Vatican, Vatican State
Although the Holy See is sometimes referred to as the "Vatican", the Vatican City State was distinctively established with the Lateran Treaty of 1929, between the Holy See and Italy, to ensure the temporal, diplomatic, and spiritual independence of the papacy. As such, papal nuncios, who are papal diplomats to states and international organizations, are recognized as representing the Holy See, and not the Vatican City State, as prescribed in the Canon law of the Catholic Church.

Visa
Document that permitted bearer to travel through, enter and exit a country.  There were entry, exit and transit visas. Visas could be attached to or stamped in passports.

Wehrmacht (G.)
German Armed Forces. Was the unified armed forces of Nazi Germany from 1935 to 1945. Closely cooperating with the SS and the Einsatzgruppen, the German armed forces committed numerous war crimes.  The majority of the war crimes took place in the Soviet Union, Poland, Yugoslavia, Greece and Italy.

Westerweel Group
Underground rescue network headed by Joop Westerweel* (1899-1944), a Dutch Christian.  Working with Jewish groups, it smuggled Jews from France into Spain.  Westerweel was shot in 1944 by Germans.

White paper
The White Paper of 1939 was a policy paper issued by the British government, led by Neville Chamberlain, in response to the 1936–1939 Arab revolt in Palestine. After its formal approval in the House of Commons on 23 May 1939, it acted as the governing policy for Mandatory Palestine from 1939 to the 1948 British departure. This action planned to end Jewish immigration by 1944 and to allow no more than 75,000 additional Jewish migrants. At the end of the five-year period in 1944, only 51,000 of the 75,000 immigration certificates provided for had been utilized, and the British offered to allow immigration to continue beyond cutoff date of 1944, at a rate of 1500 per month, until the remaining quota was filled.

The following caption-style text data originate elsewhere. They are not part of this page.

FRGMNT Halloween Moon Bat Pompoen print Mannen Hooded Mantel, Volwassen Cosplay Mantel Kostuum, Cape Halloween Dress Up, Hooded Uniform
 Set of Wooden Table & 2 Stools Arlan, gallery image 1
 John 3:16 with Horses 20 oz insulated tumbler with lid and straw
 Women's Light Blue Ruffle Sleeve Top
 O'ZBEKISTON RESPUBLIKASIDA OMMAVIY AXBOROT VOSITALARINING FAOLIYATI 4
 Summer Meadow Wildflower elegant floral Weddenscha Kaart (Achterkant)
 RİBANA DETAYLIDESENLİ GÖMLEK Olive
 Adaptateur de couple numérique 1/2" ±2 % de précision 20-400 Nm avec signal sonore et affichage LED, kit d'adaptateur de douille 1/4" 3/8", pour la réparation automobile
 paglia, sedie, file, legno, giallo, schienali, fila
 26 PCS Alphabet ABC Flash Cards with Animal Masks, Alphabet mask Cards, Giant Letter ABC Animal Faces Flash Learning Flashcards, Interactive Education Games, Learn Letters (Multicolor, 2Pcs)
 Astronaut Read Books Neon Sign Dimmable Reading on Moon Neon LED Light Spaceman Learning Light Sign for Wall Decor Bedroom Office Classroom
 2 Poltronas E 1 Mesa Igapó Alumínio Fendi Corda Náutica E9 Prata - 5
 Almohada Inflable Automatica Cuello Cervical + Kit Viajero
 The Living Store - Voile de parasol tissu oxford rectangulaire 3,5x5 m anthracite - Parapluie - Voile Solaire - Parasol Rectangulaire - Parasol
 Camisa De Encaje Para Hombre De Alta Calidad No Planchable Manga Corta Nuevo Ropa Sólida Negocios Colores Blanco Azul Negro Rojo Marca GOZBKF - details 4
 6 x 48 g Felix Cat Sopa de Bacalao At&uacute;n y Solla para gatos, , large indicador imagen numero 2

Women’s International Zionist Organization
WIZO.  Founded 1924.  Operated in France as Federation of Jewish Women of France for Palestine (UFJ).

Work as a Means of Rescue
Jews were saved from murder in the holocaust while being employed in the German War effort. Factory owners or businessmen like Oscar Schindler intentionally protected their Jewish workers.

Yishuv (H.)
Hebrew: “Settlement”; Prewar Jewish Community in Palestine/Israel.  Established under British mandate by League of Nations in 1921.

Young Men’s Christian Association
YMCA, USA, see also Czech Aid, Marseilles. Led by Donald A. Lowrie in France.

Youth Aliya
Jewish youth organization that prepared Jews to emigrate to Palestine.

Zionist, Zionism
Modern Zionism emerged in the late 19th century in Central and Eastern Europe as a national revival movement, both in reaction to newer waves of antisemitism and as a response to Haskalah, or Jewish Enlightenment. Soon after this, most leaders of the movement associated the main goal with creating the desired state in Palestine, then an area controlled by the Ottoman Empire.

Zionist Youth Groups
Within Europe, they were the nucleus of the Jewish resistance movements in the ghettos and camps of the Holocaust, and the partisans. They also led the escape (Beriha) from Europe following the war, particularly to Palestine, where most surviving members settled.